Chorégraphié par Wayne McGregor pour le Ballet national du Canada. Inspiré de la « Trilogie MaddAddam » de Margaret Atwood. Au Four Seasons Centre for the Performing Arts, 145 Queen St. W., jusqu’au 30 novembre. national.ballet.ca, 416-345-9595 ou 1-866-345-9595

Comment résoudre un problème comme MaddAddam ?

Si vous êtes le chorégraphe star britannique Wayne McGregor, vous commencez par reconnaître la futilité d’un transfert littéral d’une page à l’autre de la trilogie de fiction spéculative post-apocalyptique et dystopique de l’icône canadienne Margaret Atwood du même nom. Au lieu de cela, vous optez pour une réponse théâtrale impressionniste et chargée d’émotion aux thèmes généraux des livres et rassemblez une petite armée de vos collaborateurs artistiques préférés pour aider le projet.

Le résultat est un festin sensoriel de vues et de sons si écrasant que parfois vous avez la tête qui tourne, mais qui offre néanmoins une expérience indéniablement passionnante.

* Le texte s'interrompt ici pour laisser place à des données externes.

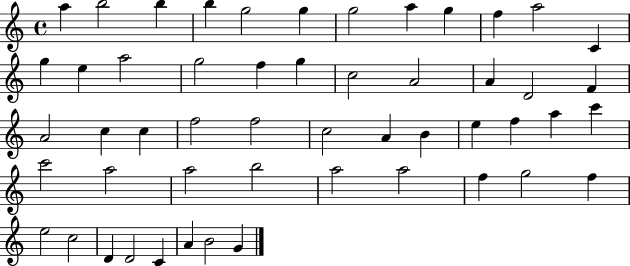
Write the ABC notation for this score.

X:1
T:Untitled
M:4/4
L:1/4
K:C
a b2 b b g2 g g2 a g f a2 C g e a2 g2 f g c2 A2 A D2 F A2 c c f2 f2 c2 A B e f a c' c'2 a2 a2 b2 a2 a2 f g2 f e2 c2 D D2 C A B2 G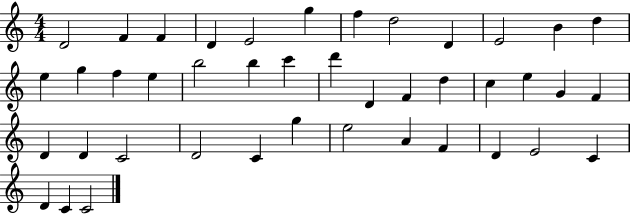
D4/h F4/q F4/q D4/q E4/h G5/q F5/q D5/h D4/q E4/h B4/q D5/q E5/q G5/q F5/q E5/q B5/h B5/q C6/q D6/q D4/q F4/q D5/q C5/q E5/q G4/q F4/q D4/q D4/q C4/h D4/h C4/q G5/q E5/h A4/q F4/q D4/q E4/h C4/q D4/q C4/q C4/h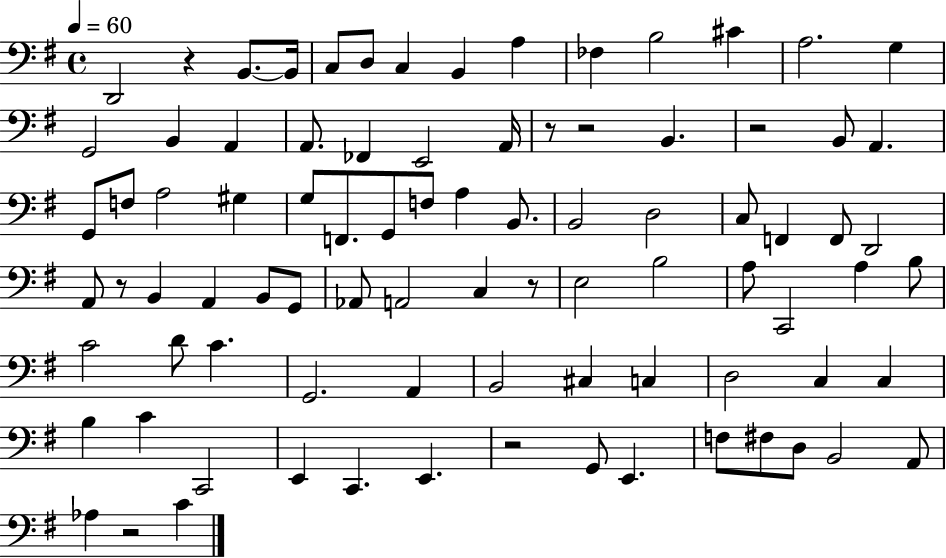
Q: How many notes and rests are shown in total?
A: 87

Il n’est donc pas étonnant qu’ils se soient levés et aient applaudi mercredi soir alors que le Ballet national du Canada dansait la première mondiale très médiatisée et méga-commercialisée de “MADDADDAM” de McGregor, son titre pour une raison quelconque crié avec insistance en majuscules. Atwood rayonnait alors que McGregor l’invitait à se joindre aux rappels; un rugissement d’approbation encore plus grand.

Isaac Wright et Genevieve Penn Nabity, à droite, et des artistes du Ballet national du Canada dans Wayne McGregor's "MADDADDAM."

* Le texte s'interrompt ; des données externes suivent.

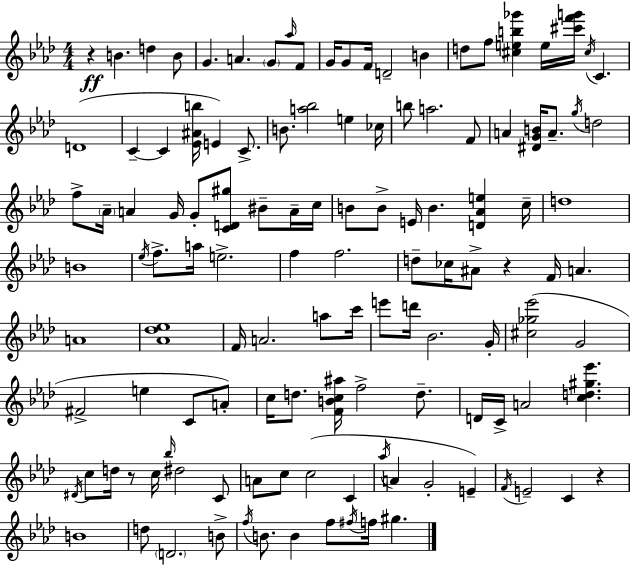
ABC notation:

X:1
T:Untitled
M:4/4
L:1/4
K:Ab
z B d B/2 G A G/2 _a/4 F/2 G/4 G/2 F/4 D2 B d/2 f/2 [^ceb_g'] e/4 [^c'f'g']/4 ^c/4 C D4 C C [_E^Ab]/4 E C/2 B/2 [a_b]2 e _c/4 b/2 a2 F/2 A [^DGB]/4 A/2 g/4 d2 f/2 _A/4 A G/4 G/2 [CD^g]/2 ^B/2 A/4 c/4 B/2 B/2 E/4 B [D_Ae] c/4 d4 B4 _e/4 f/2 a/4 e2 f f2 d/2 _c/4 ^A/2 z F/4 A A4 [_A_d_e]4 F/4 A2 a/2 c'/4 e'/2 d'/4 _B2 G/4 [^c_g_e']2 G2 ^F2 e C/2 A/2 c/4 d/2 [FBc^a]/4 f2 d/2 D/4 C/4 A2 [cd^g_e'] ^D/4 c/2 d/4 z/2 c/4 _b/4 ^d2 C/2 A/2 c/2 c2 C _a/4 A G2 E F/4 E2 C z B4 d/2 D2 B/2 f/4 B/2 B f/2 ^f/4 f/4 ^g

La plupart des chorégraphes qui plongent dans la littérature optent pour des histoires familières, de sorte que même si vous n’avez pas lu le texte ou vu la pièce, vous avez une idée de base de ce qui se passe. Pensez à “Roméo et Juliette”, “Hamlet”, “Cendrillon”. Et, bien sûr, il y a “Alice’s Adventures in Wonderland”, un succès fulgurant pour le Ballet national dans son rendu de 2011 par Christopher Wheeldon et, comme “MADDADDAM”, une coproduction avec le Royal Ballet, sauf que dans le cas actuel c’est le Une entreprise britannique qui a réduit de moitié le prétendu budget de 2 millions de dollars tout en laissant aux Canadiens le privilège de monter la production sur scène.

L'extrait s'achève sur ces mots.